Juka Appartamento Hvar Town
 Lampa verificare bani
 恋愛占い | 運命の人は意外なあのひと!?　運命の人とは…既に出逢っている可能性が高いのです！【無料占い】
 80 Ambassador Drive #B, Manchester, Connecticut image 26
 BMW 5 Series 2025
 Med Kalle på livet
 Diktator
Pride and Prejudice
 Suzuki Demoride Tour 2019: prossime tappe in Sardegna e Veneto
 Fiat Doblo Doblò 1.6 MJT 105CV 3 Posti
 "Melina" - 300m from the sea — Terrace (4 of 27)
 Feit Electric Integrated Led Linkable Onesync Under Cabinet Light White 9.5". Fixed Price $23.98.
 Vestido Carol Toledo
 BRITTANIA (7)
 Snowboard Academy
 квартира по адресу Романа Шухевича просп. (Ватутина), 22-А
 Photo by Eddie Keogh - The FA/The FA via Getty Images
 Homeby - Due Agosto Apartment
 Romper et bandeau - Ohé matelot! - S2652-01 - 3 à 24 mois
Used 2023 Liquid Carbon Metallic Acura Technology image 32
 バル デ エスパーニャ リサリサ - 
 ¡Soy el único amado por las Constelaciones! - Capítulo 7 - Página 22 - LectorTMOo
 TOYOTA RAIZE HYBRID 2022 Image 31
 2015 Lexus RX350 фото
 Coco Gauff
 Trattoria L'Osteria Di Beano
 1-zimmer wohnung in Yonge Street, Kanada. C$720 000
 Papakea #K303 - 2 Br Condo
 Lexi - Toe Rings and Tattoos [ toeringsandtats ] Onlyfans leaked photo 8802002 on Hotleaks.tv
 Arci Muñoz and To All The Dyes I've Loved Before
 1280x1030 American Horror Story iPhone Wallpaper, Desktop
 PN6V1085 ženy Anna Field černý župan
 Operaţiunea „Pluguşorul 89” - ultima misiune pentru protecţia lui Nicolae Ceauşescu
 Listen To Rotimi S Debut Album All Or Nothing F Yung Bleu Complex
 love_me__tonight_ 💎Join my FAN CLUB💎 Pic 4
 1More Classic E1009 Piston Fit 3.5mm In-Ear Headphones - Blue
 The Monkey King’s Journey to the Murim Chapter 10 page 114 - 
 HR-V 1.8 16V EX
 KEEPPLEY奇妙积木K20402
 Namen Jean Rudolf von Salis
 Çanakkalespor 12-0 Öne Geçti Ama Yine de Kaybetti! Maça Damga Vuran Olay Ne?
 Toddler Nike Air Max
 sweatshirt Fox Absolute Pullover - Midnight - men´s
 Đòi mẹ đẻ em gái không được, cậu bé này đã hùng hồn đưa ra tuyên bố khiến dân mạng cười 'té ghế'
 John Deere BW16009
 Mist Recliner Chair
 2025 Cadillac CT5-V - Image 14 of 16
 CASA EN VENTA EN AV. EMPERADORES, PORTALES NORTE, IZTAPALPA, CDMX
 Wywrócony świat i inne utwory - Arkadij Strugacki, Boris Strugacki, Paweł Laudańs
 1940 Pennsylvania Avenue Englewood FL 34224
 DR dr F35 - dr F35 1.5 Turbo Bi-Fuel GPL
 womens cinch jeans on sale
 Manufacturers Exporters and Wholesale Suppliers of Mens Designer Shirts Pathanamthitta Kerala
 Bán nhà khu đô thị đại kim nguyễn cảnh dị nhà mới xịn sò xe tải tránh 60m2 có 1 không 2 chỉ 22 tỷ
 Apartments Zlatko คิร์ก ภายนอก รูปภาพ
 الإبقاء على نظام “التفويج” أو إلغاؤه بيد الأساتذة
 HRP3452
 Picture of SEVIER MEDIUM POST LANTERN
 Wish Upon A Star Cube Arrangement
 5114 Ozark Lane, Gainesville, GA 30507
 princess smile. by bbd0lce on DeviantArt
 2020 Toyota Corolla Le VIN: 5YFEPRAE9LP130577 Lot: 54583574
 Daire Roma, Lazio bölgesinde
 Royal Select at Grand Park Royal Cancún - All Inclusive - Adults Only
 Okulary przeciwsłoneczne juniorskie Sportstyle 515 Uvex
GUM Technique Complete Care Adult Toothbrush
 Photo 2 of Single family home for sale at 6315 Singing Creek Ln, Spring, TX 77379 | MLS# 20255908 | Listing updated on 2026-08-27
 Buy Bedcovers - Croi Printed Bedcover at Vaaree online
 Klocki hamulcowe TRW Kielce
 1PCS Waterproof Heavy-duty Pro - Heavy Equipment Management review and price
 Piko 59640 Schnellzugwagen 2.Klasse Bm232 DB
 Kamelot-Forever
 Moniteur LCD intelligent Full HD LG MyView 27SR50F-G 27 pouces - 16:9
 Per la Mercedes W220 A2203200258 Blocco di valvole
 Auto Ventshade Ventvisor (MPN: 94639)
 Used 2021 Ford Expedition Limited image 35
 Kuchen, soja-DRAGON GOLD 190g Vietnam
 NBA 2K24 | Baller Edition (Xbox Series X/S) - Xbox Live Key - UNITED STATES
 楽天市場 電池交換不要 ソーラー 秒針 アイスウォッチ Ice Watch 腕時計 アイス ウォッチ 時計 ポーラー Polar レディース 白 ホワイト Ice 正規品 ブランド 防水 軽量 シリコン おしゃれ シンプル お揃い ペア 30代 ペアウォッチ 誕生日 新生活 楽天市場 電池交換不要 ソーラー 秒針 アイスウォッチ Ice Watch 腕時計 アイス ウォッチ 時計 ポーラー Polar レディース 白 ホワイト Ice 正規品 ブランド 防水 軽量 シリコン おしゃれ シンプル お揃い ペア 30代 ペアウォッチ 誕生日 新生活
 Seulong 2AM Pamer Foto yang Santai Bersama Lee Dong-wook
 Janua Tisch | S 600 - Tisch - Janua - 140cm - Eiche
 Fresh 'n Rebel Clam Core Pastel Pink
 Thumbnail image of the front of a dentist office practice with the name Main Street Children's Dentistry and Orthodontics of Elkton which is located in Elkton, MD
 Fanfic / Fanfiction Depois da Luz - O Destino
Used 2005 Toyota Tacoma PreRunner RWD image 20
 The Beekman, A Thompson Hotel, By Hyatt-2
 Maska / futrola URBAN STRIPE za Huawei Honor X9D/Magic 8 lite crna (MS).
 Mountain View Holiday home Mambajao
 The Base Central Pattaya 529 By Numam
+ + + + + + +
From the records above, copy only the lines starting with the line that holds "Per la Mercedes" and going on through the line that holds "Fresh 'n Rebel Clam Core Pastel Pink", exactly as written.

EXPECTED ANSWER.
 Per la Mercedes W220 A2203200258 Blocco di valvole
 Auto Ventshade Ventvisor (MPN: 94639)
 Used 2021 Ford Expedition Limited image 35
 Kuchen, soja-DRAGON GOLD 190g Vietnam
 NBA 2K24 | Baller Edition (Xbox Series X/S) - Xbox Live Key - UNITED STATES
 楽天市場 電池交換不要 ソーラー 秒針 アイスウォッチ Ice Watch 腕時計 アイス ウォッチ 時計 ポーラー Polar レディース 白 ホワイト Ice 正規品 ブランド 防水 軽量 シリコン おしゃれ シンプル お揃い ペア 30代 ペアウォッチ 誕生日 新生活 楽天市場 電池交換不要 ソーラー 秒針 アイスウォッチ Ice Watch 腕時計 アイス ウォッチ 時計 ポーラー Polar レディース 白 ホワイト Ice 正規品 ブランド 防水 軽量 シリコン おしゃれ シンプル お揃い ペア 30代 ペアウォッチ 誕生日 新生活
 Seulong 2AM Pamer Foto yang Santai Bersama Lee Dong-wook
 Janua Tisch | S 600 - Tisch - Janua - 140cm - Eiche
 Fresh 'n Rebel Clam Core Pastel Pink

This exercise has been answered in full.